Venue: Baxter Theatre, Main Rd, Rondebosch. Tel: (021) 680 3989.
Time: Tue - Sat @ 8:15pm
Price: R100 - R110
Performances: 20 - 31 Jan 2009
Genre: Drama
Based on the true story that rocked the nation and shocked the world, Lara Foot Newton’s critically acclaimed Tshepang comes to the Baxter Sanlam Studio for two weeks only. Since it was first performed in South Africa in 2003, the play has touched the hearts of theatre lovers all over the globe.
Foot Newton once again directs Mncedisi Shabangu, who reprises his role as narrator and sculptor Simon, and newcomer Nonceba Constance Didi who plays Ruth in this haunting and uplifting masterpiece of redemption.

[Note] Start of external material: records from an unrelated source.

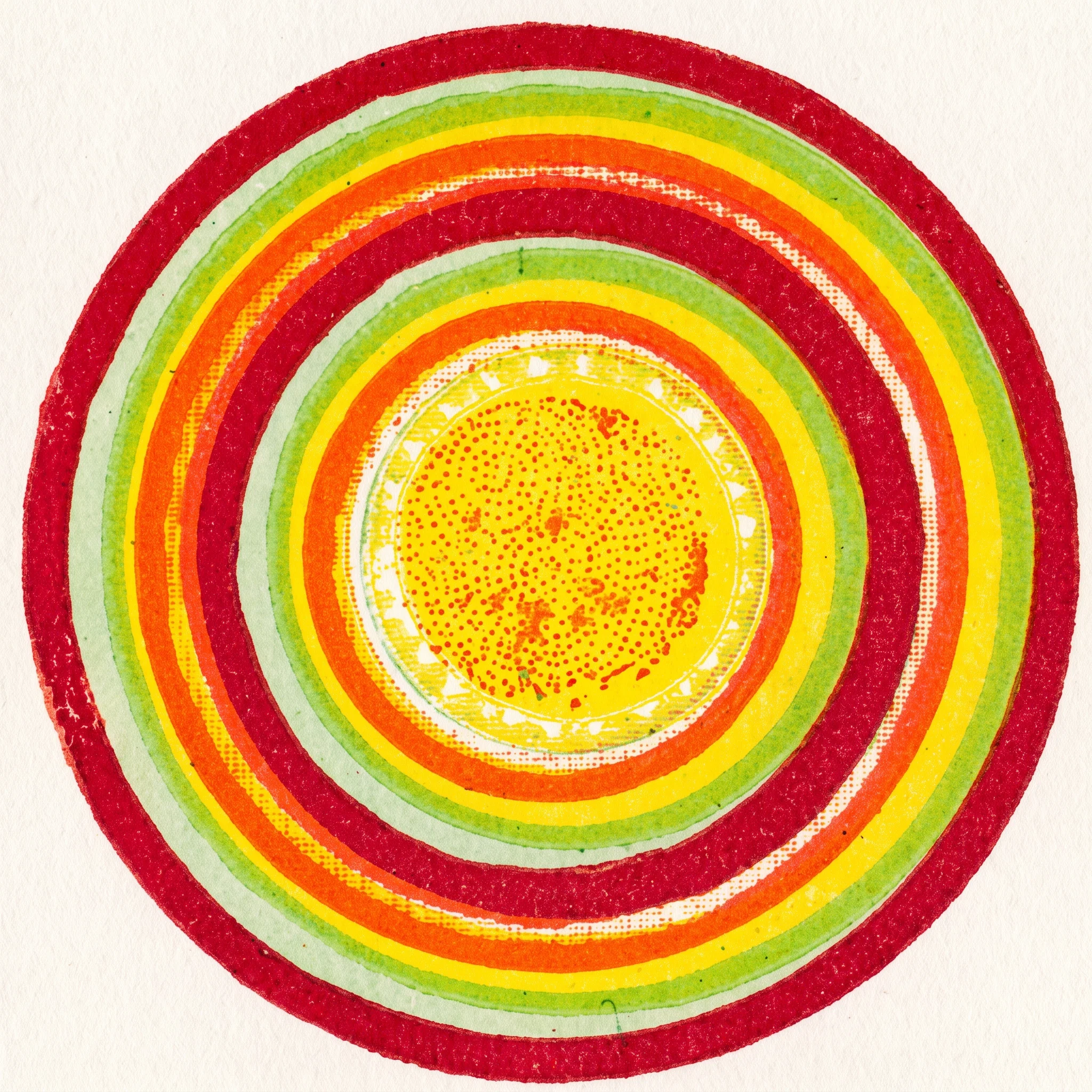 A circular, target-like diagram composed of numerous broad concentric rings in alternating red, orange, yellow, olive, and pale gray tones. The rings surround a central yellow disk filled with dense small reddish-orange speckles and a few irregular darker marks. The bands vary slightly in width and texture, with thin lighter outlines and uneven hand-colored edges, creating a layered radiating pattern. No people, animals, objects, lettering, or other text are visible within the design.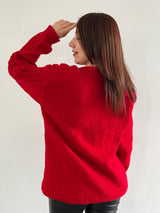 Long Alpacril Yarn Sweater with Diamond Design – Red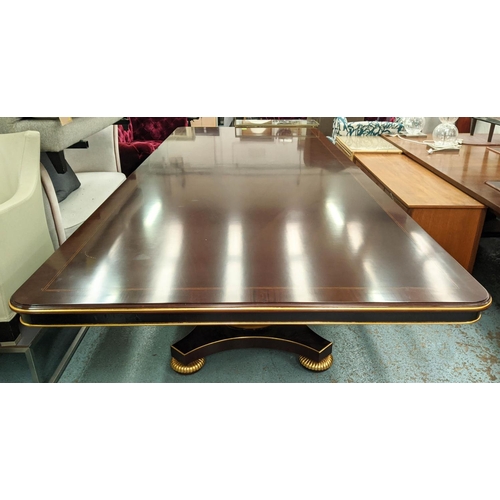 447 - DINING TABLE, 380cm L x 153cm D of substantial proportions, the top with a gilt trim on a pair of Wi... 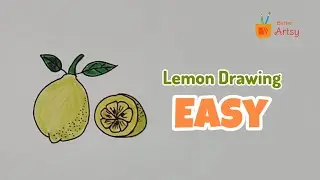How to draw a Lemon - Easy Step By Step #easydrawing  #drawings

Renowned for his unique style of physical theatre, Shabangu received the 2003 Fleur du Cap Best Actor award for his performance.
The simplicity and symbolism of Gerhard Marx’s award-winning scenography and design creates a visual and evocative backdrop for the story. In 2002 he teamed up with Foot Newton in an artistic collaboration entitled duckrabbit. Their production of Hear and Now toured South Africa and Sweden in 2005. The team’s short film And there in the Dust has won six international film awards, including two South African Film and Television Awards - one for Best Short Film and the other for Best Screenwriter for a Short Film.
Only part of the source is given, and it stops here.